The term CEDAR FEVER usually refers to symptoms caused by Mountain cedar allergy. Symptoms are the same as hay fever, including sneezing, itchy eyes and nose, nasal congestion and a runny nose. With both cedar fever and hay fever, a person will not actually have a fever.
Mountain cedar is a type of juniper tree found mainly in South and Central Texas that pollinates in the winter, from December through March. It is usually the only major pollen present during the wintertime in the areas where it grows. Mountain cedar can release such large amounts of pollen that the trees can appear to be on fire. As the pollen is released, large clouds of “smoke” rise up from the trees. With such a heavy pollen load in the air, no wonder so many people are miserable during this time of year.
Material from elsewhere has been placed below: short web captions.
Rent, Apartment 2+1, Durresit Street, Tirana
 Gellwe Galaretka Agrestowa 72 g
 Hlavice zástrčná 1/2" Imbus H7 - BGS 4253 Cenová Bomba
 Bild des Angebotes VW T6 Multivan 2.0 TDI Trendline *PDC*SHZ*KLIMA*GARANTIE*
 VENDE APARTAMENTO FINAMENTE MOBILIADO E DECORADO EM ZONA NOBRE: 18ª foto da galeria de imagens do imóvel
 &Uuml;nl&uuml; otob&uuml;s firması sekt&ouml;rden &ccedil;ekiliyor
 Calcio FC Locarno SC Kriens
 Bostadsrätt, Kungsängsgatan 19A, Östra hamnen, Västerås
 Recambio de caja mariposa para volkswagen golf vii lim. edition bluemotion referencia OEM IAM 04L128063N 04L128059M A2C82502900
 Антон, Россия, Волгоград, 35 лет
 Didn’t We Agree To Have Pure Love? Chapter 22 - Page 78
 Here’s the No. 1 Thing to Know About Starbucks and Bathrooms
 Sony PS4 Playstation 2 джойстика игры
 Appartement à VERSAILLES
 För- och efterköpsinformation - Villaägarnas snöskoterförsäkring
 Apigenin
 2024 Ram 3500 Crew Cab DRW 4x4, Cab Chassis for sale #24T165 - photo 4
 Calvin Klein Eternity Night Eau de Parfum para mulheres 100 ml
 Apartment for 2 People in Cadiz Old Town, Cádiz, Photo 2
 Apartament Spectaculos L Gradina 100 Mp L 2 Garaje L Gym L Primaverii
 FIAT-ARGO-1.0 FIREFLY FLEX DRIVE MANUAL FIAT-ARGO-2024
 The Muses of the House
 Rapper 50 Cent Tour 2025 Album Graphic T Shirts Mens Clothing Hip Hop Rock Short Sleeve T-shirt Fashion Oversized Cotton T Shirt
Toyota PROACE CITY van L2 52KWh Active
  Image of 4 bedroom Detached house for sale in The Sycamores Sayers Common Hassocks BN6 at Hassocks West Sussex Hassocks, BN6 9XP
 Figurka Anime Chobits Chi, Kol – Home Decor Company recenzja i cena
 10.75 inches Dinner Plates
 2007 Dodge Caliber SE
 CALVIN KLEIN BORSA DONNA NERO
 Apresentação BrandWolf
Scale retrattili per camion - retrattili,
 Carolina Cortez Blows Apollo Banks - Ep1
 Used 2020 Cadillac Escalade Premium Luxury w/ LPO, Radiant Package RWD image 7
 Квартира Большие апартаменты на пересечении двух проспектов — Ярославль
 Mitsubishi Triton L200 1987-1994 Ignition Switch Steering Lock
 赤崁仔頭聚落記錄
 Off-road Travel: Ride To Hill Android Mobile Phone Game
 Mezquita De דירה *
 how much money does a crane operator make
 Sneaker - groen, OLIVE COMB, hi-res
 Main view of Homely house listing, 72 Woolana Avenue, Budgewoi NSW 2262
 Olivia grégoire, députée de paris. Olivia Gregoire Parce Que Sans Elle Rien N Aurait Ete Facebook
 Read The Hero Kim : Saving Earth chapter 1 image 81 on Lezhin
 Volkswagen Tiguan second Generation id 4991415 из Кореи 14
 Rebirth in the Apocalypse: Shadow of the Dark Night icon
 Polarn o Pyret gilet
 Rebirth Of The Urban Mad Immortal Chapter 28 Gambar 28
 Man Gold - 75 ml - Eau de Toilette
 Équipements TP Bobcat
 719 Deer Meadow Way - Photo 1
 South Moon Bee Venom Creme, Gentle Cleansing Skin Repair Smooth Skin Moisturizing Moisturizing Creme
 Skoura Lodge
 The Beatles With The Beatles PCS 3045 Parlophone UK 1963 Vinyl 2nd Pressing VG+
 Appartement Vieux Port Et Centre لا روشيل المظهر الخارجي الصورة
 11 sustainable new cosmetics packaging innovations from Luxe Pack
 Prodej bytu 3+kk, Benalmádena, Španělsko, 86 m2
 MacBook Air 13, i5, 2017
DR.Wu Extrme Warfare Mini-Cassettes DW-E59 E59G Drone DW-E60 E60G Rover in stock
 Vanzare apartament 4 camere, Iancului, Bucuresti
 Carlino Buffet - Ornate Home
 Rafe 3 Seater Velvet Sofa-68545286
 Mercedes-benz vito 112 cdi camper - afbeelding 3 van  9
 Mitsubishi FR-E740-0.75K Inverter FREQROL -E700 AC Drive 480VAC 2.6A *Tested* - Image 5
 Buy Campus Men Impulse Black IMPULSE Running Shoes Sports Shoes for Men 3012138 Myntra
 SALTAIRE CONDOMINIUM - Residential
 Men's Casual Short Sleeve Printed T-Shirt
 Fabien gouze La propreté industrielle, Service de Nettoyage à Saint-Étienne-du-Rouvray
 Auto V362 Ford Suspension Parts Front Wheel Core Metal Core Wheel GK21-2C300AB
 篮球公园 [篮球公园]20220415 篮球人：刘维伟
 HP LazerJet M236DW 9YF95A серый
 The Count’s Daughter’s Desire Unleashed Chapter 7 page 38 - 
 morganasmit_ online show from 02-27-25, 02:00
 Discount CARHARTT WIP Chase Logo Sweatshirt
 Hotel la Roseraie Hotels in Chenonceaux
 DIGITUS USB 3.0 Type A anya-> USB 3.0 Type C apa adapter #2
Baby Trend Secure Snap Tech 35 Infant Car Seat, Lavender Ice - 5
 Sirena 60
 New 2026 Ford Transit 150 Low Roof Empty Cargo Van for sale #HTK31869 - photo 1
Medicinal remedies include over-the-counter antihistamines and decongestants. Cedar fever sufferers can ask physicians to prescribe nasal corticosteroids and anti-inflammatory drugs, but ideally such treatments should begin before allergy season starts. Doctors can also prescribe a series of allergy shots. A non-medicinal remedy is nasal irrigation — using a “neti pot” or commercial saline solution — to clear the pollen out of nasal passages.
If this is a yearly condition and the nasal congestion seems to stay even after the allergy symptoms are gone, then you may have developed “turbinate hypertrophy.” This is a common problem in people who suffer from allergies. If nasal steroids and antihistamines don’t resolve the stuffiness, then you could be a candidate for “Turbinate Coblation”. Turbinate coblation uses radiofrequency to cause shrinkage of the nasal tissues and improve your nasal airway. It’s a quick, in office procedure and you return to your regular activities that same day.